Exercise instructions →
Each line starting at the one that contains "Hey guys, it's" and ending at the one that contains "The slider can" must be returned exactly, and the rest of the listing is left out.

The data →
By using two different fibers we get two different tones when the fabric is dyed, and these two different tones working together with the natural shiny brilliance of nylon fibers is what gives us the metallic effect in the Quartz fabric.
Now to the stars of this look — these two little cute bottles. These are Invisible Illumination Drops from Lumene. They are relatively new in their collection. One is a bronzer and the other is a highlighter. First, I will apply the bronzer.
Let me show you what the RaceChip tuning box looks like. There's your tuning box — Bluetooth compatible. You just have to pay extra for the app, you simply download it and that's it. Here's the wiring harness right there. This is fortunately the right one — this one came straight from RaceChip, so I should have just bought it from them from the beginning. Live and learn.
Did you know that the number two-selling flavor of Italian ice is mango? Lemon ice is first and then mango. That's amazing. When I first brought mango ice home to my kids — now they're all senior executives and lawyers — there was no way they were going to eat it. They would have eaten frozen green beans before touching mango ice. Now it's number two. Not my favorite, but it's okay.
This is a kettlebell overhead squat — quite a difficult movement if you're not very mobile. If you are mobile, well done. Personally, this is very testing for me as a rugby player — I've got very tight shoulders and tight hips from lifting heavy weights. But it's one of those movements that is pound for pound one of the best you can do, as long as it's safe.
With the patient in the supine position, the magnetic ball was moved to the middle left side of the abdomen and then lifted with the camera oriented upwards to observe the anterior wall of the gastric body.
--
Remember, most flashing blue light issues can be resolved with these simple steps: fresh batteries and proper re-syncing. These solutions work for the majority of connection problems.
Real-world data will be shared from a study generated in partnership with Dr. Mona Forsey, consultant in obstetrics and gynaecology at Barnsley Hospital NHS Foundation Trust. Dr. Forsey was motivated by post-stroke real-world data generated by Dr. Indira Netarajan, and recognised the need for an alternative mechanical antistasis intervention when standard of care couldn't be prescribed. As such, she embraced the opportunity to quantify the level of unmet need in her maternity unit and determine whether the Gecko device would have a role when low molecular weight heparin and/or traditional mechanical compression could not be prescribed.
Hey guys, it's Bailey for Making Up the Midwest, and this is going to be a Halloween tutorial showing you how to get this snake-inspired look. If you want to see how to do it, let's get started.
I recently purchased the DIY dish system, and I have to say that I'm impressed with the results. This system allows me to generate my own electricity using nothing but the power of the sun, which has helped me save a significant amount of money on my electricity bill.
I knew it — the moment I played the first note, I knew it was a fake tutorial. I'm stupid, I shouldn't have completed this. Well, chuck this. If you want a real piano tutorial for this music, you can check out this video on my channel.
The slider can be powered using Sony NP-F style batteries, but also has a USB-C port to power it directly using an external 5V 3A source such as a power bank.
...
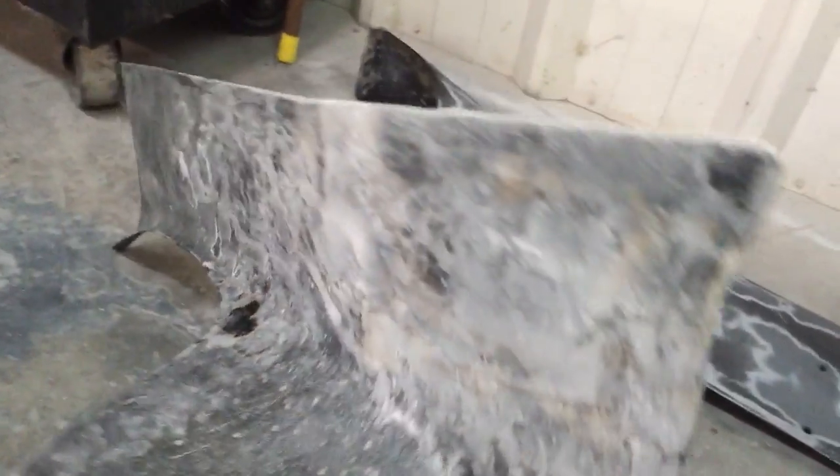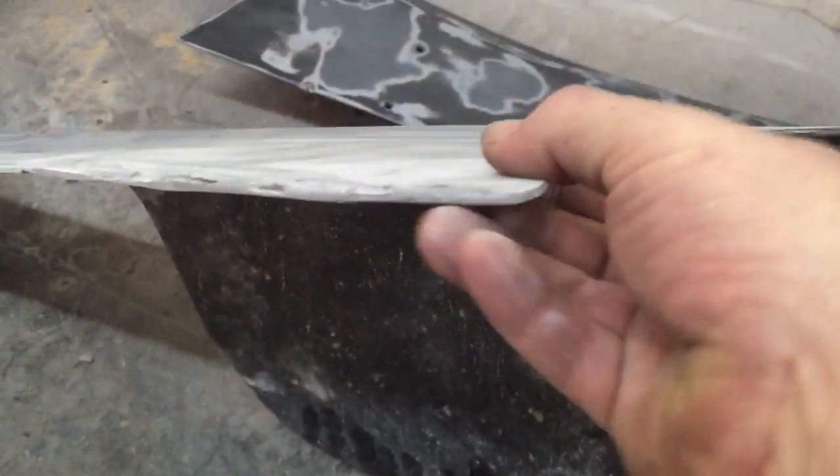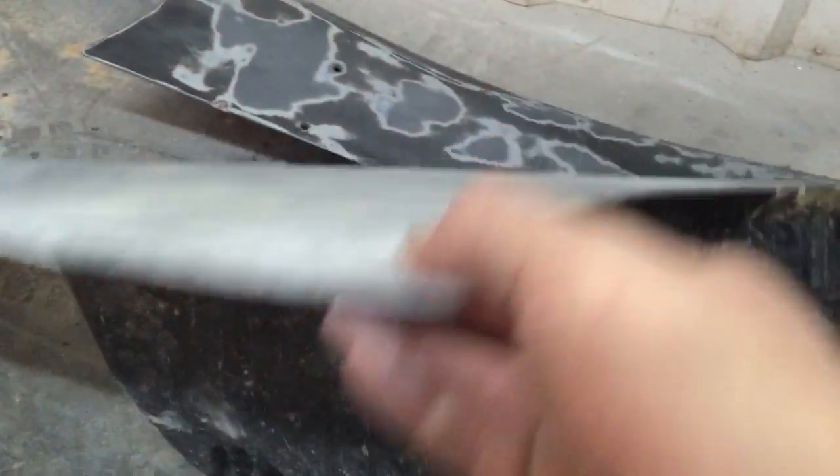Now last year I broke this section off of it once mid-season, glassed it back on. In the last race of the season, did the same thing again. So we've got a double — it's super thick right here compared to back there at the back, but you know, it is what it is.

Written answer →
Hey guys, it's Bailey for Making Up the Midwest, and this is going to be a Halloween tutorial showing you how to get this snake-inspired look. If you want to see how to do it, let's get started.
I recently purchased the DIY dish system, and I have to say that I'm impressed with the results. This system allows me to generate my own electricity using nothing but the power of the sun, which has helped me save a significant amount of money on my electricity bill.
I knew it — the moment I played the first note, I knew it was a fake tutorial. I'm stupid, I shouldn't have completed this. Well, chuck this. If you want a real piano tutorial for this music, you can check out this video on my channel.
The slider can be powered using Sony NP-F style batteries, but also has a USB-C port to power it directly using an external 5V 3A source such as a power bank.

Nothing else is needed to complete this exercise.